I now know that a non-negotiable for us as the couple was the entertainment. We let that fall through the cracks and paid dearly for it. First of all, the DJ we spoke to and the one who showed up were different. There seemed to be a lot of confusion as to what he was supposed to do.
Then there was the band, which we later found out were under the influence of alcohol. I wondered why they were so off key and I now know why. It still guts me that we didn’t get to dance as much as we and our guests wanted.
In hindsight, the evening party was not a necessity. First of all, contrary to many people’s opinions, I did not feel emptiness when the day was over. I was quite happy to spend a quiet evening with my newly acquired husband.

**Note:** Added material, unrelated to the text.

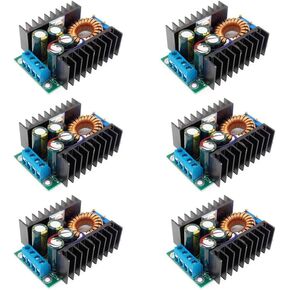 6 قطعة تيار مستمر/CC قابل للتعديل 0.2-9A 300 واط XL4016 محول فرق الجهد 5-40 فولت إلى 1.2-35 فولت وحدة امدادات الطاقة LED سائق in Kuwait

I was really tired as well and the added pressure of having one more event to attend was overwhelming.
Might I mention that we didn’t have as many guests for the evening party, and I place the blame on us. We didn’t include that in our invites and plus there were a lot of logistics that perhaps we didn’t take into consideration for the morning after. All that food we bought had to be left behind. Our DJ for the night was a total let-down. Perhaps it was a saving grace that we didn’t have as many guests because the embarrassment would have been too much to bear.
Brides-to-be, we have had a great run. Would I do this again? Yes. Knowing myself I will probably be the type to host wedding anniversary parties at our different milestones.
Looking back through this process, I would definitely trust my gut more and make better choices. Your wedding day only comes once. You and your groom are allowed to have autonomy over some decisions. The day is for other people as well but do try and find parts of it that are just for the two of you.
Save as much as you can and step into marriage life debt free. If you can, spend more on the honeymoon than the wedding. You will never have that newlywed feel again, so splurge on that. All you have to keep from that day is great pictures so invest in a good photographer.
After all is said and done, thank God that you made it with someone you love. A toast to the beginning of the rest of your life. It’s a wrap!